* The task: In your copy, include every line of the records exactly and no picture at all.

(Web page caption snippets)
== Segment start ==
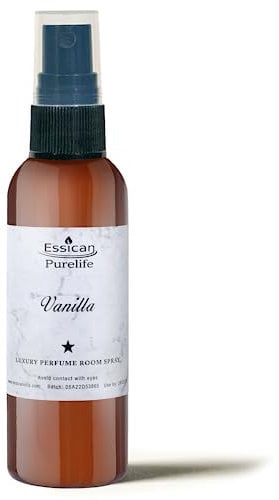 Essican Purelife Room Spray Air Freshener Spray for Home, Vanilla, 100ml Home Fragrance Luxury Bathroom Air Freshener Sprays Odour Neutraliser, Mist Office & Room Fragrance Sprays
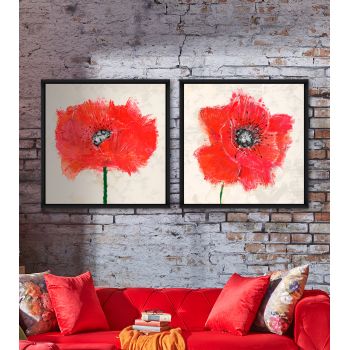 Tablou 2 piese Framed Art Red Explosion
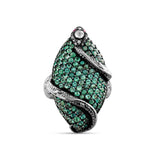 3.61 Carat Natural Diamond and Emerald Ring – Fine Jewelry Design - Gold Stone Diamond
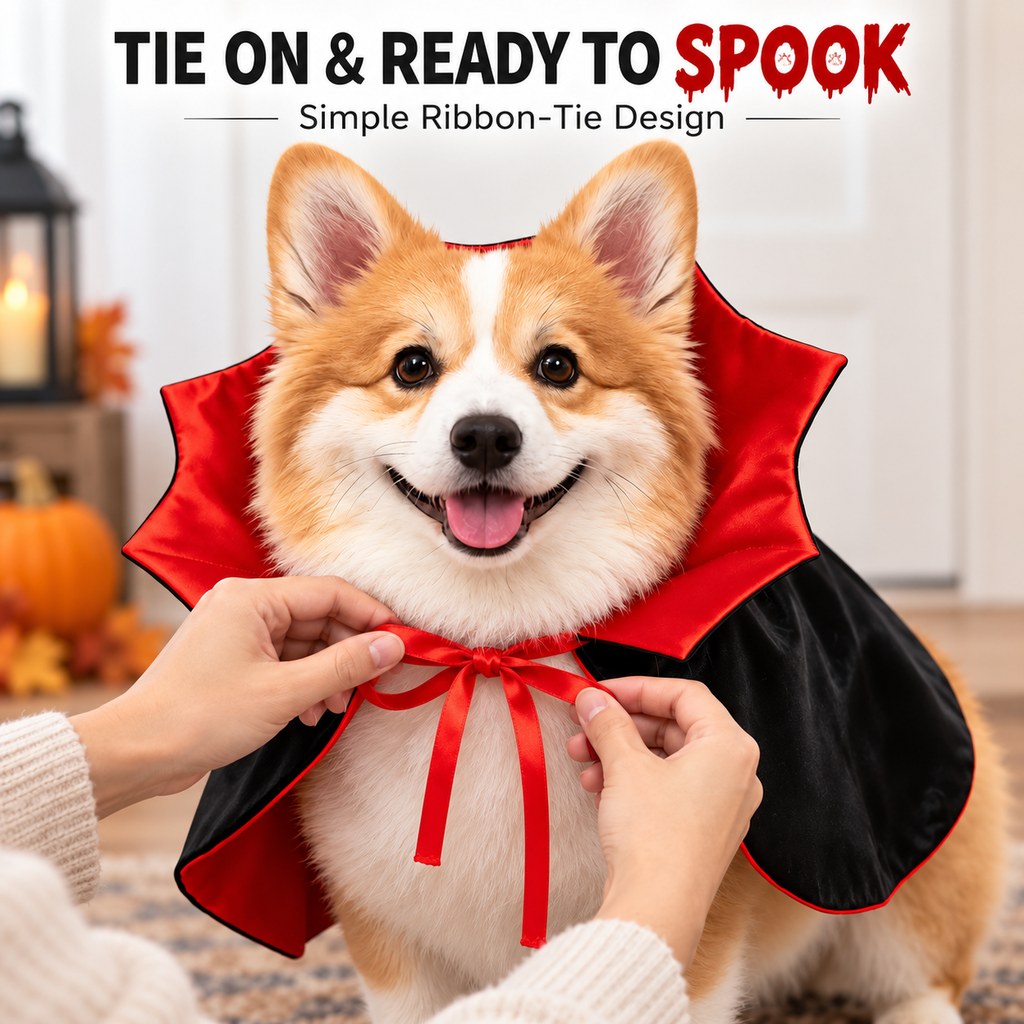 Vampire Collar Pet Cape – Halloween Dog and Cat Costume with Tie Closure
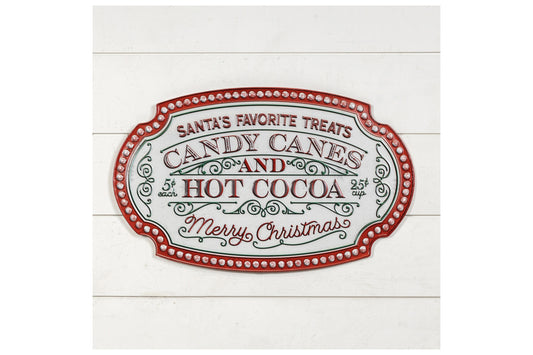 Targa di natale in metallo  " Candy canet & hot cocoa sign" Misura 62x38 cm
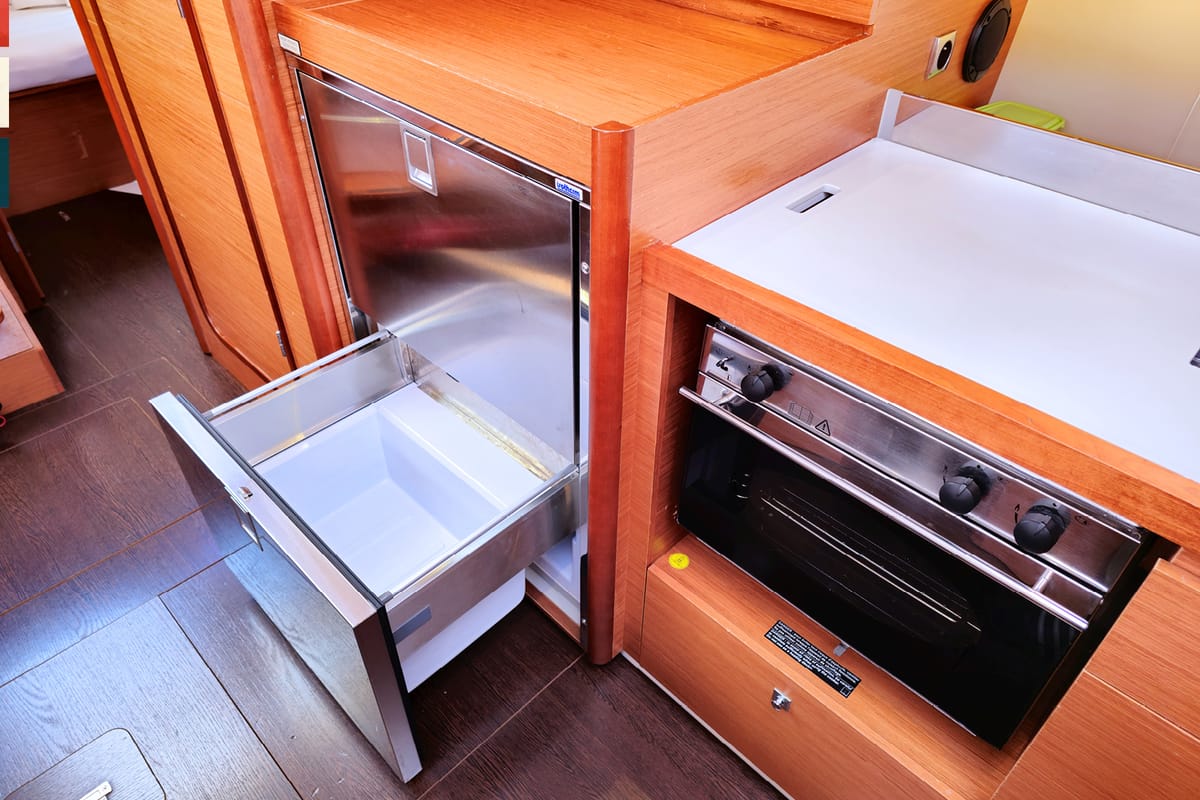 Galley of Mimi, a Dufour 390 GL sailboat at Općina Rogoznica, Croatia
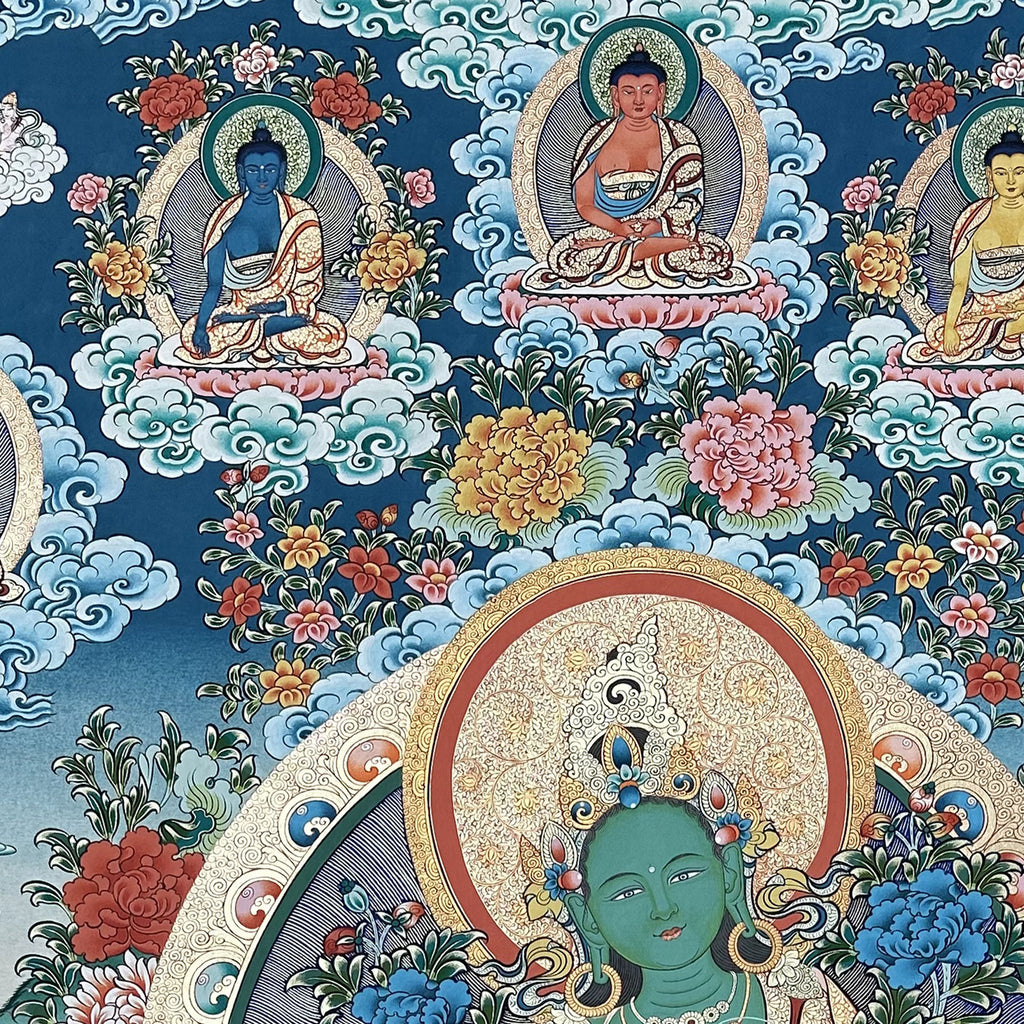 Hand-Painted Tibetan Thangka | Green Tara | Collectible Tibetan Art, Traditional Wall Decor for Home & Meditation Space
== Segment end ==
* Task output:
 Essican Purelife Room Spray Air Freshener Spray for Home, Vanilla, 100ml Home Fragrance Luxury Bathroom Air Freshener Sprays Odour Neutraliser, Mist Office & Room Fragrance Sprays
 Tablou 2 piese Framed Art Red Explosion
 3.61 Carat Natural Diamond and Emerald Ring – Fine Jewelry Design - Gold Stone Diamond
 Vampire Collar Pet Cape – Halloween Dog and Cat Costume with Tie Closure
 Targa di natale in metallo  " Candy canet & hot cocoa sign" Misura 62x38 cm
 Galley of Mimi, a Dufour 390 GL sailboat at Općina Rogoznica, Croatia
 Hand-Painted Tibetan Thangka | Green Tara | Collectible Tibetan Art, Traditional Wall Decor for Home & Meditation Space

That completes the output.